Institutional memory, or, How many transcripts are there in a plethora?

When one decides to go back to school after a long absence from things academic, one discovers many interesting things. (First of all, one finds that referring to oneself as “one” is very annoying, so one knocks that the heck off and reverts to first and second person early on. But one – er, I – digress.) FORMS. The existence of lots and lots of forms that need to be filled out in order to become Fully Matriculated is one thing that hasn't changed. How you fill them out, however, has.

Eager to set out on the road to Paralegal School, I get on the Harvard On The Highway Community College (hereinafter “Hoth CC”) website and find an online application form. Hooray! I can submit my information without worry about my sloppy handwriting. So I fill it out. No problem. Send it out into the ether, and go about the next task: rounding up Official Transcripts.

Getting transcripts from the hands of one academic institution and into the hands of another is also the same but different these days. Again, we have the wonder of requesting them online. Nice. First stop: undergraduate land. My first Institution of Higher Learning subscribes to a nationwide transcription service. I tell them my name, birth date, years of attendance, and who I want the information sent to, and Shazam! off it goes. Just like magic. Free magic. I'm loving this. My second Alma Mater isn't as technologically connected. I fill out their online form, send them my credit card particulars ($8 into the school's coffers), and they promise to mail out my transcript after my graduation is confirmed. (Guys: I graduated. Really. Twenty-five years ago. Trust me.)

I'm a bit embarrassed to request my last transcript. I attended Western California State School of Law at Swami's Point (hereinafter “WCSSL-SP”) part time, and didn't finish all of the traditional First Year classes. I also had a really crappy GPA. And now, I'm going to ask them to send the sorry record of my studies – to a Community College. Oh, the shame. Well, there's nothing for it – it's got to be done, or Hoth CC won't let me in. This time it's an e-mail, but it's free. Small consolation.

Having dotted and crossed all of my transcriptional i's and t's, I head back to Hoth CC's website to collect my shiny new student ID number.

Not so fast, pardner.

Seems that Hoth CC knows me: I already have a student ID. And the previous information doesn't match what I've submitted. Say what? I send an e-mail to Admissions for clarification, and am reminded that years ago, I took a Spanish class at Large Public Library which was taught by an instructor from Hoth CC. This made me an Official Previous Student of Hoth CC, and therefore not eligible to apply online. I must print out the 12-page paper application form, and submit it by fax, mail, or in person. Sigh.

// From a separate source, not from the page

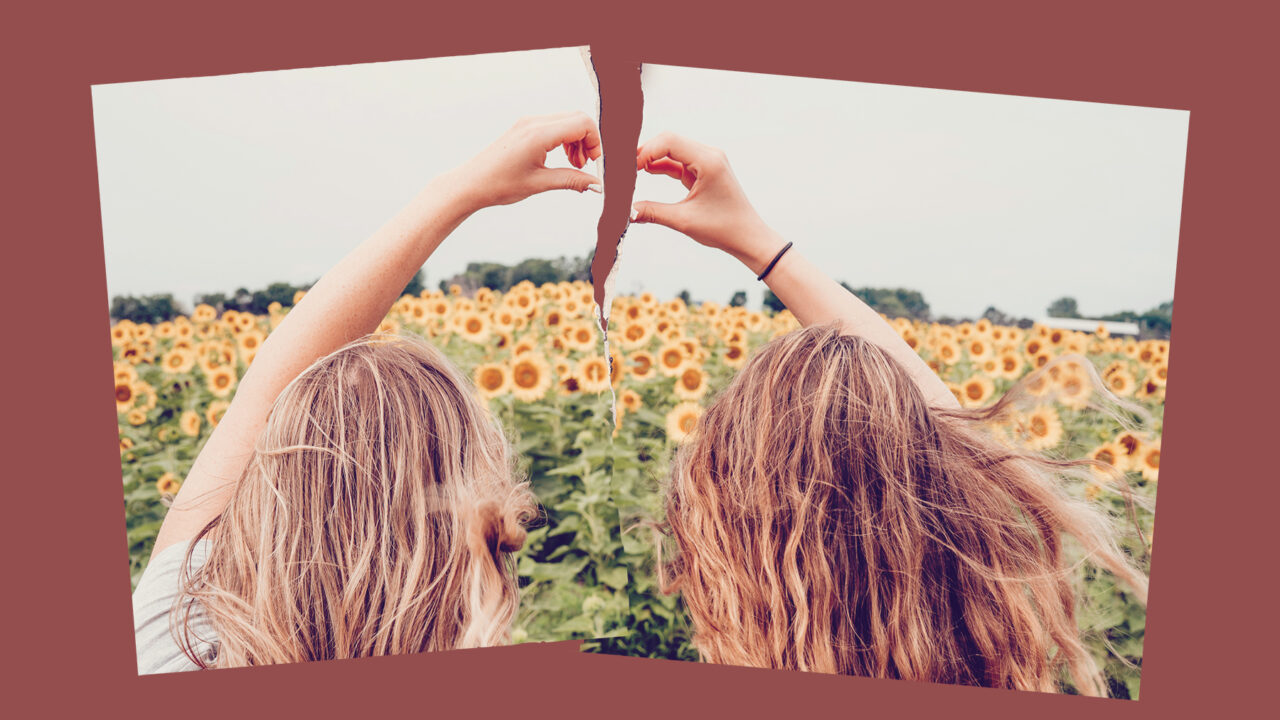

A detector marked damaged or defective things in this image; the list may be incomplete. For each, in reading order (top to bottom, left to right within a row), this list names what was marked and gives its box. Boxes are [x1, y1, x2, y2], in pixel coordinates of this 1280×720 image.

torn photograph [94, 46, 624, 671]
torn photograph [604, 63, 1182, 696]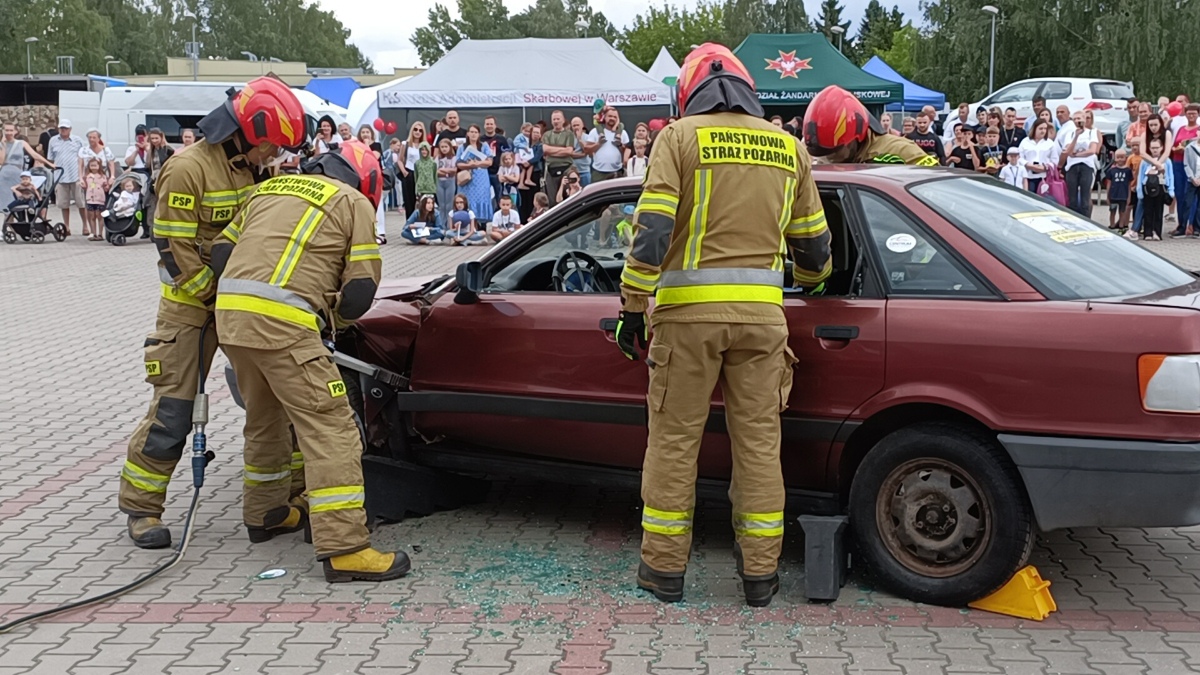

Luckily, I'm able to access my online application, so I can use it to help me fill out the somewhat trickier and less clear paper form. I fill in. I go to Admissions office. I get a lovely “congratulations, you've been admitted” letter from the nice work-study student at the counter. Once all of my transcripts arrive, I can register for classes. I wait patiently. I get one, two, three automatically generated emails that my transcripts are in Hoth CC's custody. Hooray! I can register!


Seems I'm still one transcript shy of a full load. I'm told by a very helpful Admissions counselor that my undergraduate record refers to a class taken elsewhere. I wrack my brain. Ah yes. It's coming back to me: in an effort to get a better grade (and pay much less tuition), I took a required science lab class at a community college back home. Thirty years ago. And I need to submit an official transcript therefrom. You're. Kidding. Me. (No, they're not.)

The way I expected this part of my paper chase to end was with a harried record keeper at St. Swithin Junior College (now called “St. Swithin College” thankyouverymuch), faced with my request for records from the Pleistocene Era (exact semester unknown) to throw up her hands and say, “Forget it sister!” Luckily, SSJC has an online student service system. Type in your last name, birth date, and social security number, and ta-DAH! it spits out your student ID number, no matter how old it might be. Plug that into yet another transcript request form, and Shazam! again: transcript is en route.

Have I mentioned that I love technology?